1. What is a Sales Process………..1
2. What we all Hate About Sales Processes……….…1
3. Process versus Goals………3
4. Why We Should All Love the Sales Process………..4
5. The Elements of an Ideal Sales Process………..6
6. Using a Sales Process When Things Are Not Ideal……22
7. Sales Process and CRM………23
8. Sales Process and Recruitment……….…24 9. The Benefits of a Good Sales Process in a Nutshell.…25
Contents
1. What is a Sales Process
Let’s be clear what we mean by a Sales Process. Firstly, it’s not a list of prescribed activities you have to go through nor is it just software you use to record activities and keep your manager happy. We are talking about an action guideline based on best practices and a toolkit to increase the probability of advancing the sale, build customer trust and differentiate yourself through how you sell. Instead of just doing what the customer asks you to do, a good Sales Process helps you keep things under control.

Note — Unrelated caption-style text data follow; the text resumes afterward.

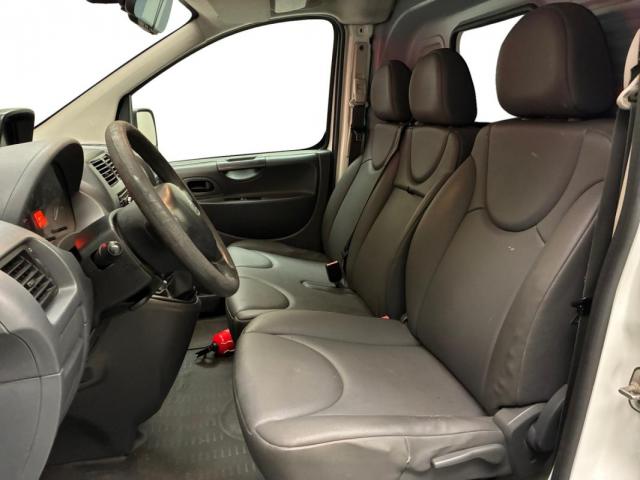 Peugeot Expert image 8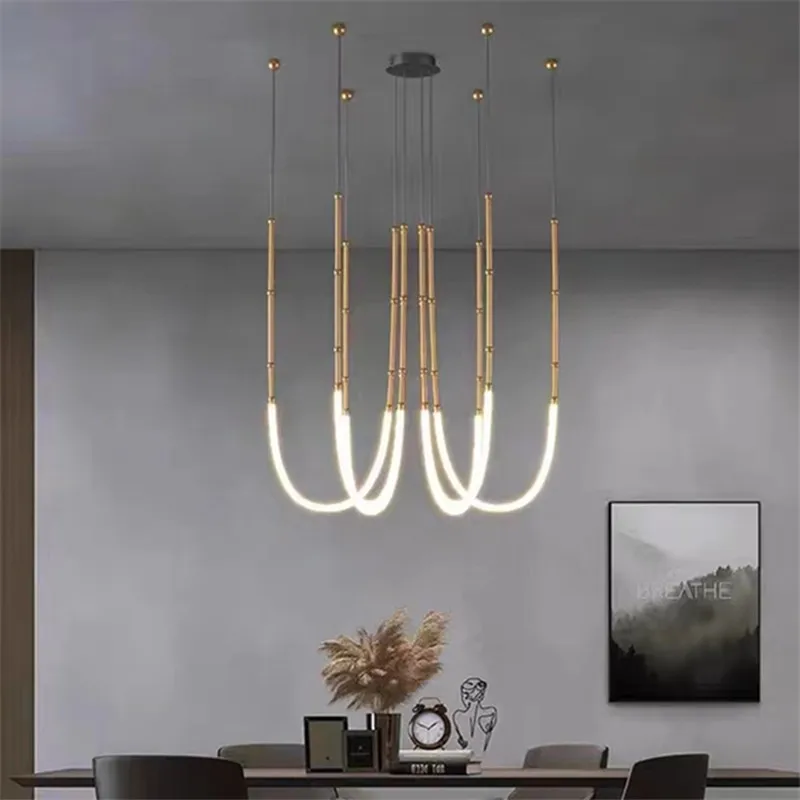 Kronleuchter aus schwarzem Metall für Wohnzimmer – Curvella
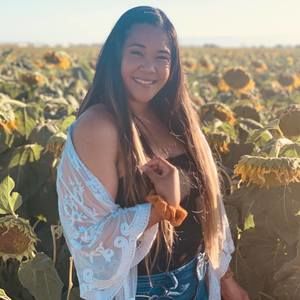 Meet your Posher, Kassie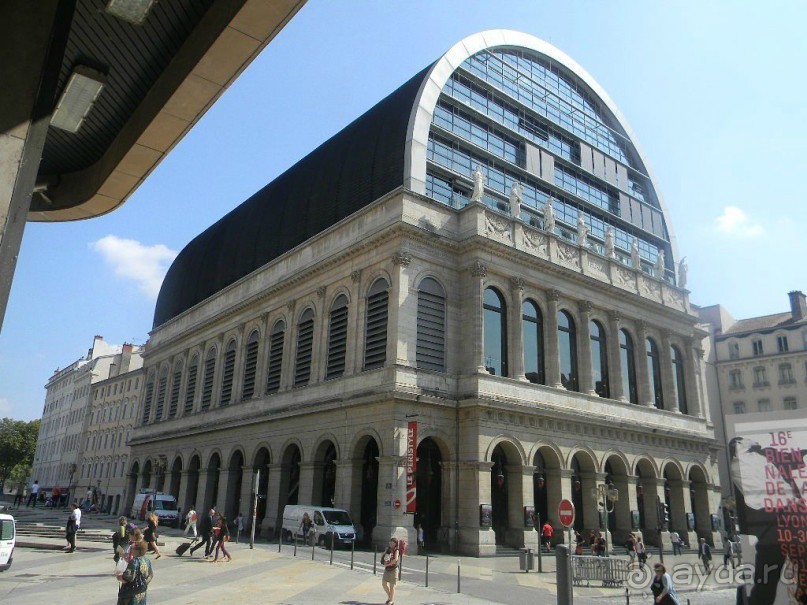 Лионский Оперный театр. Любовь лионцев к опере просуществовала столетия и в 1983 году развернулись работы по созданию более крупного помещения, способного вместить увеличивающееся количество поклонников оперного искусства.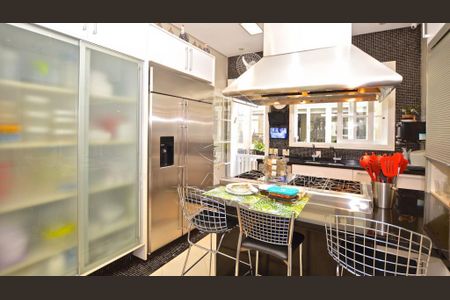 Casa à venda com 584m², 8 quartos e 7 vagas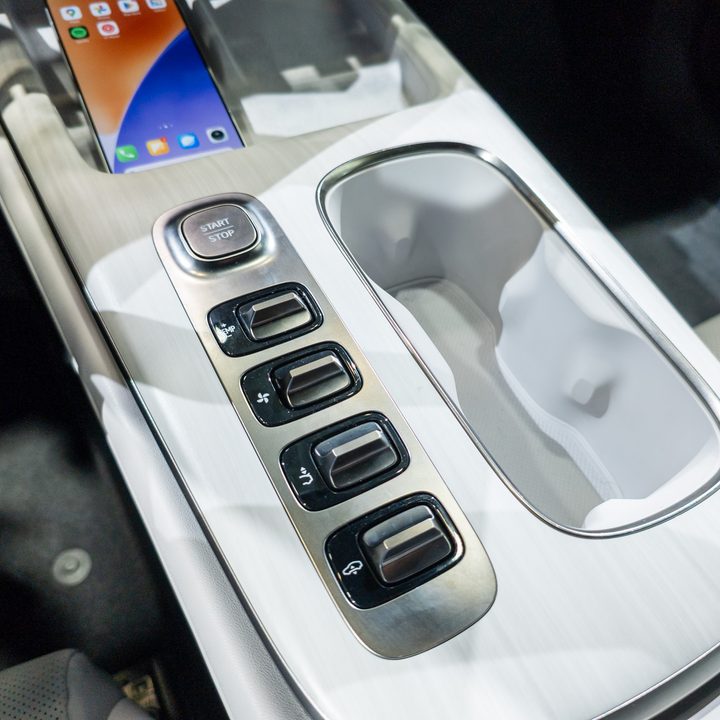 Xiaomi SU7 Max SUV drive mode and gear stick shortcuts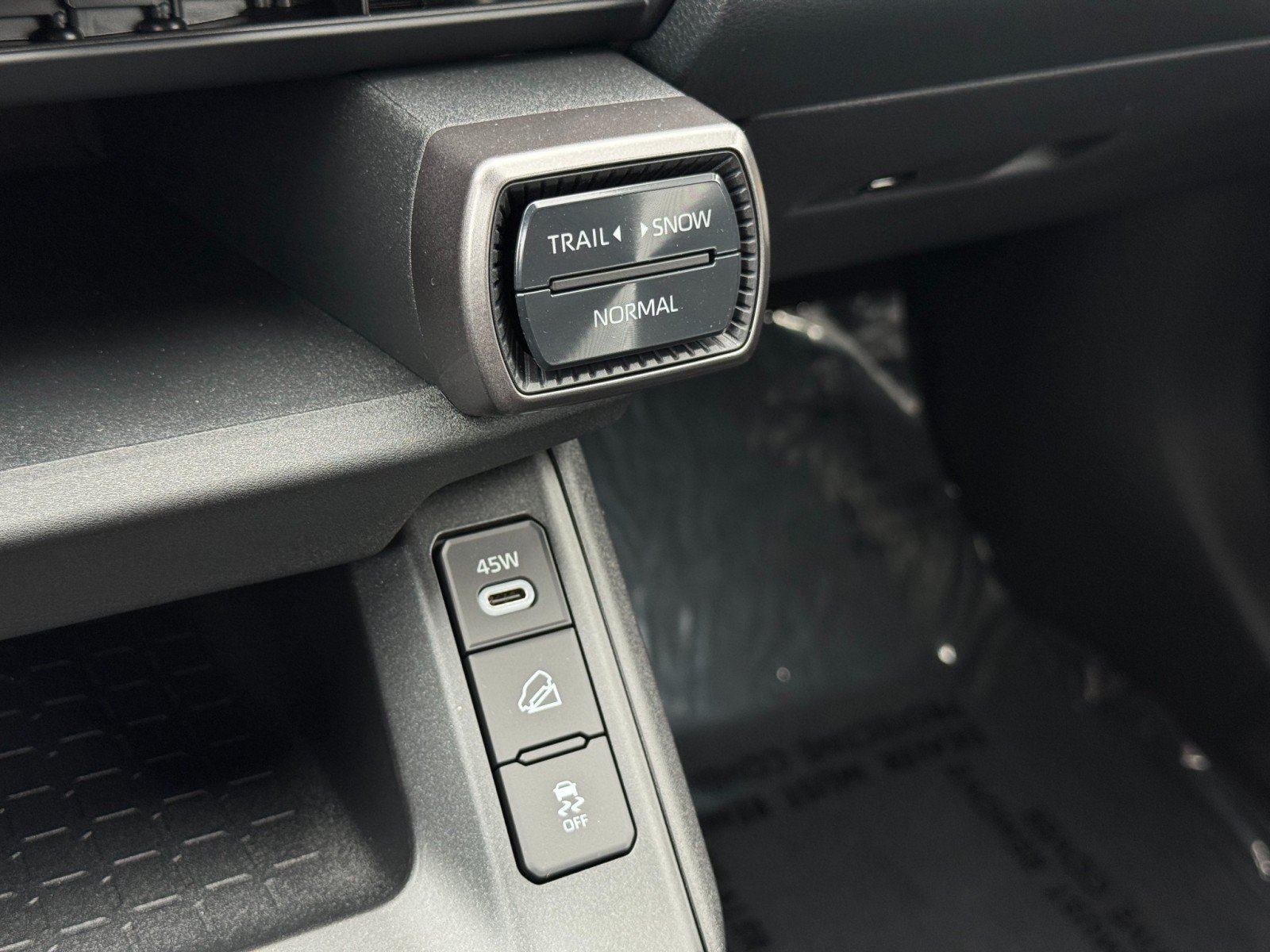 Used 2026 Toyota RAV4 XLE Premium w/ Weather Package AWD/4WD image 28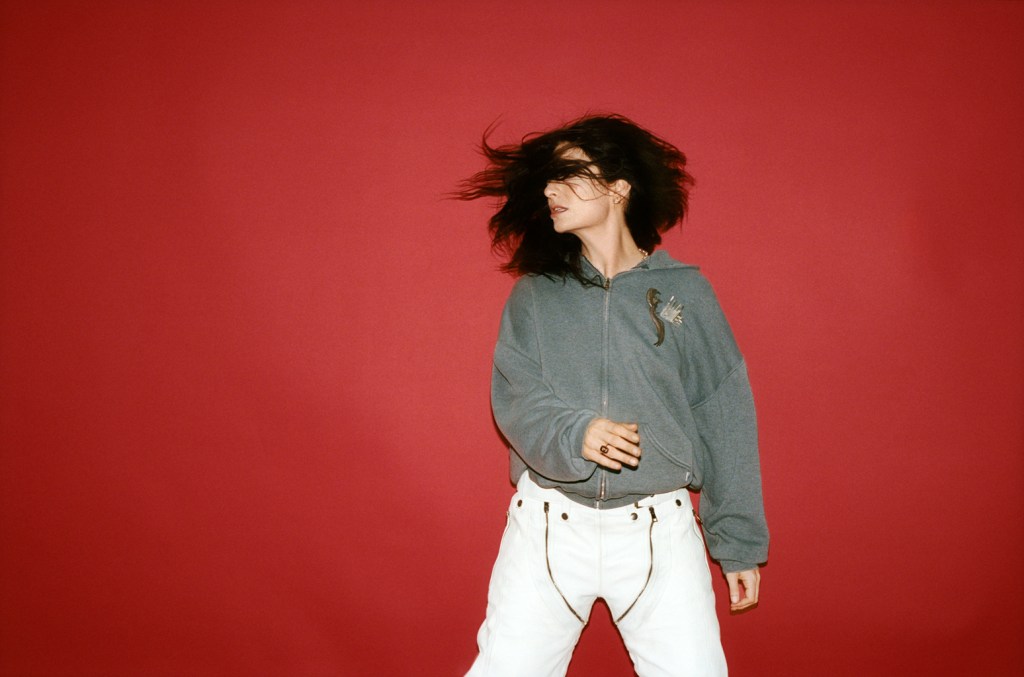 lorde-asks-‘who’s-gonna-love-me-like-this?’-in-bare-‘man-of-the-year’-music-video teaser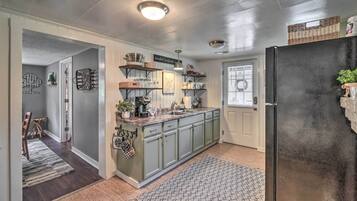 Cottage (2 Bedrooms) | Interior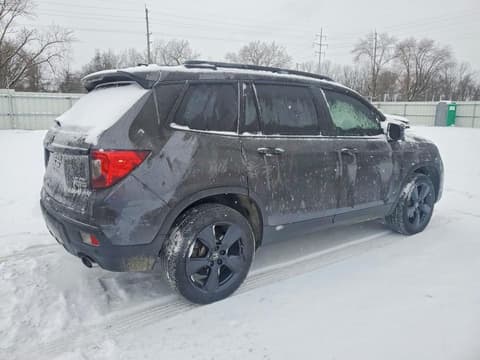 2021 Honda Passport, VIN 5FNYF8H08MB034697. Фото 3 з 6 з аукціону Copart. Каталог авто зі США OpenDataCar.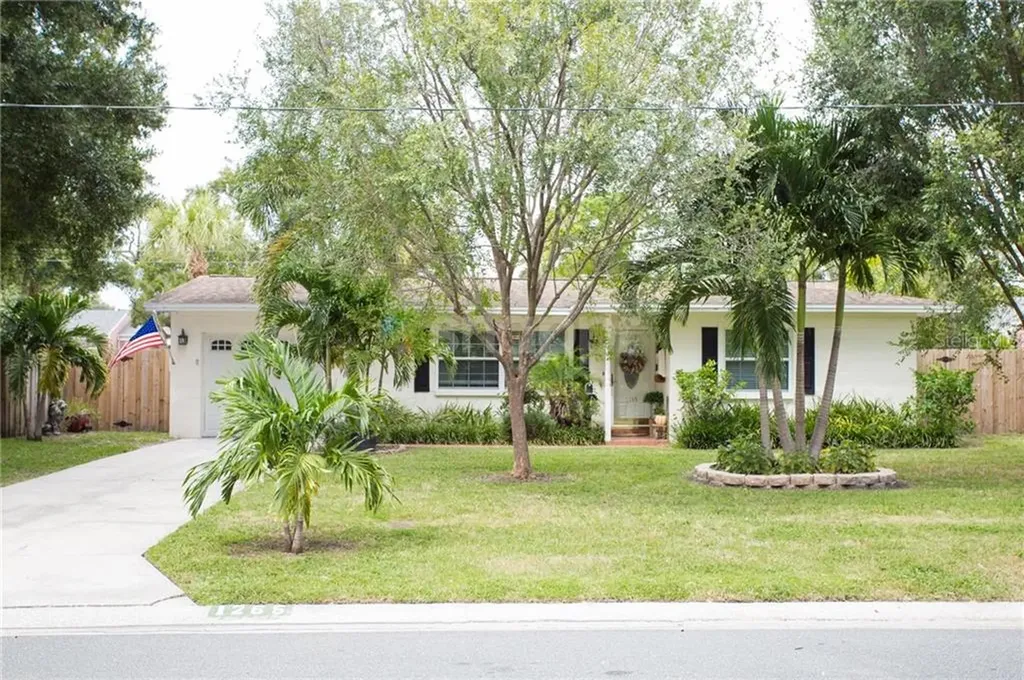 1265 81st Avenue N St Petersburg FL 33702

If that’s what a good Sales Process is all about, why do so many people yawn when they hear those 2 words? Because there are a lot of useless Sales Processes out there. In fact very few Sales people tell us that their Sales Process helps them win business!
2. What we All Hate About
Sales Processes
A Sales Process is not there to get in the way of Sales people who want to sell. This comment from a frustrated Sales
Professional sums up what many people feel “Every hour spent meeting a customer seems to require 1 hour in front of the computer putting information into the CRM system. But if I don't put all the information in, I don't get my commissions on the deals I close”.
The Sales Prevention Officer
Nobody actually has this job title but plenty of Sales People could name someone worthy of it. The problem arises when the people in charge of defining the Sales Process don’t come from Sales. They may have the best of intentions but if someone with an agenda that is not all about enabling sales is in charge, the outcome will have limited value for sales.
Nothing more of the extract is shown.